The book is about mad devotion of Vishnu devotee towards Vishnu and his affection for Snakes (After all, Vishnu is resting on Snake in most of South Indian Temples).
Book ends in mocking superstition of devotee, who was getting killed by Snake bite and even at the time of death, he doesn’t change his superstition on Snakes.
It was thought provoking and sarcastic on many of Hindu Beliefs.
1. Our library does not have The Mark of Vishnu. They only have I Shall Not Hear the Nightingale. The Mark of Vishnu looks interesting. But I found it on Amazon…will buy it one of these days.
2. The sight of Hindu women, young children in tow, pouring milk down anthills to appease the snake god Naga is one of the most comical sights I’ve seen in my life. Utter insanity. Do they still do it in India? 😉
Yes, still it exists.
Religion, is a powerful weapon for Elite to Control Masses. The Elite of India, especially from West and South India manipulate Masses in Name of Religion through various forms of Media. And. People also get carried away by Religion without examining Rationality behind it.
They still do, eh? Interesting. Thanks.
I’m surprised no one has posted a YouTube video of Indians pouring milk on an ant-hill and praying there.
Just checked. Found none.
If you can afford with Normal Reading, try to download books through Internet, instead of paying money to buy books.
I try not to buy any book costing more than $0.01 (i.e. one cent).
I rarely go beyond 99-cents.
You get very good quality books on AMZN for 99-cents to $4.00. Unfortunately, shipping is $$2.99-$3.99.
Of course, nothing like a good local library to dip into at will.
One of my recent reads – Me Talk Pretty One Day – David Sedaris. Nice pick if you like humor. You can pick any chapter/essay and start reading.

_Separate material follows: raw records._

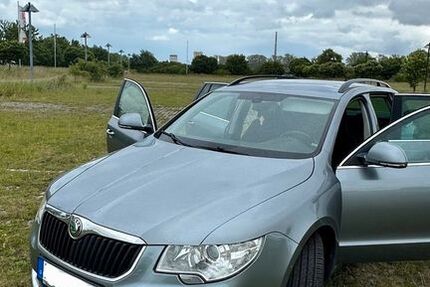 Skoda Superb 268.000 km 4.900 &euro; Schwerin 19061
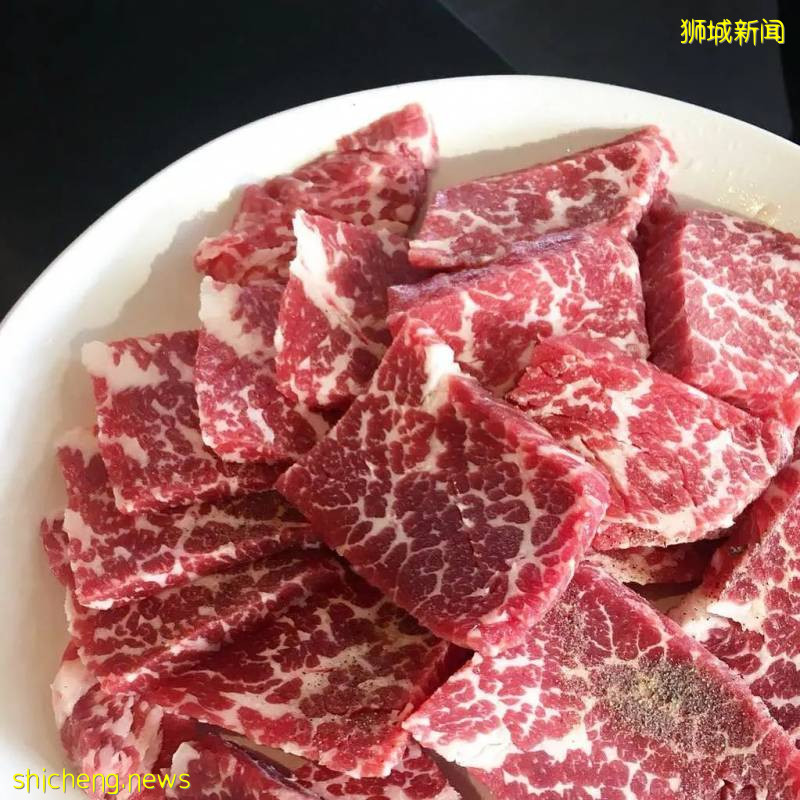 没有什么比烤肉更有人间烟火的美食了，狮城那些“滋滋”作响的烤肉，在向你招手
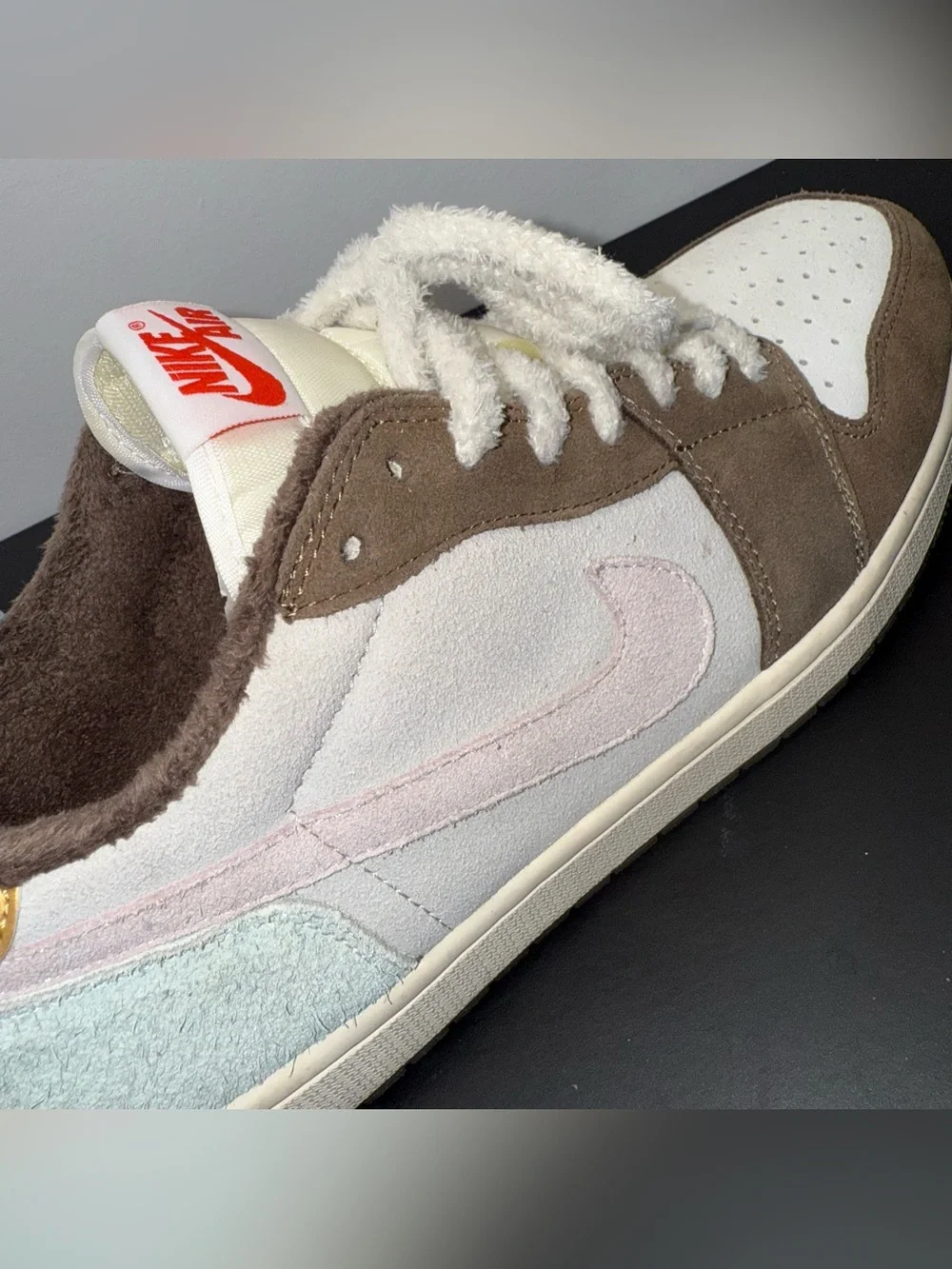 Jordan low top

Either YouTube Videos are highly censored in India or People are discouraged from shooting such Videos.
Still there are many Idiotic and Cruel Incidents happen in India in Name of Religion.

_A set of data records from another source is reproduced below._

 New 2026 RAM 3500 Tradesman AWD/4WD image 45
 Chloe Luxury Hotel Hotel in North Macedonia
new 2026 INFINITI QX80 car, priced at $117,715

Mainstream Media wantedly avoid publishing such News.
Check this link
[Link deleted because it’s not in English]
This is just tip of iceberg.
What alien hieroglyphics is your ‘tip of the iceberg’ in?

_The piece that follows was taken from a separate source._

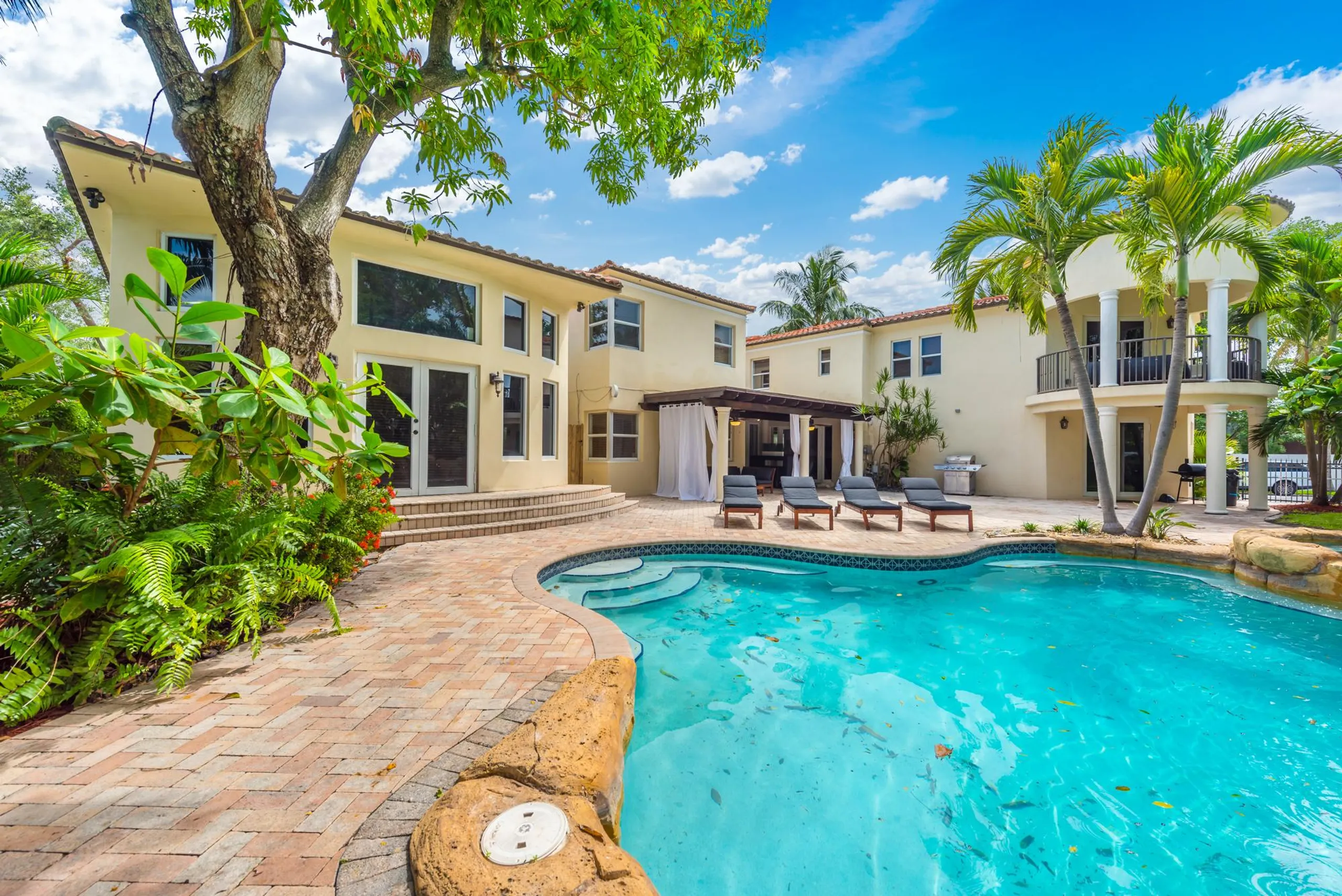 Miami Mirage Villa with Private Pool, Miami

Sweetie, only English language links in future.
Link reveals an incident which happened two days back in a village of Salem district, Tamilnadu.
The incident involves People successfully preventing a human sacrifice incident involving a 4 year old boy carried out by his father.
Even if you delete the link, ask Tamil members of SI team to read link.
There are such incidents happening throughout India, which are normally published in Regional languages only.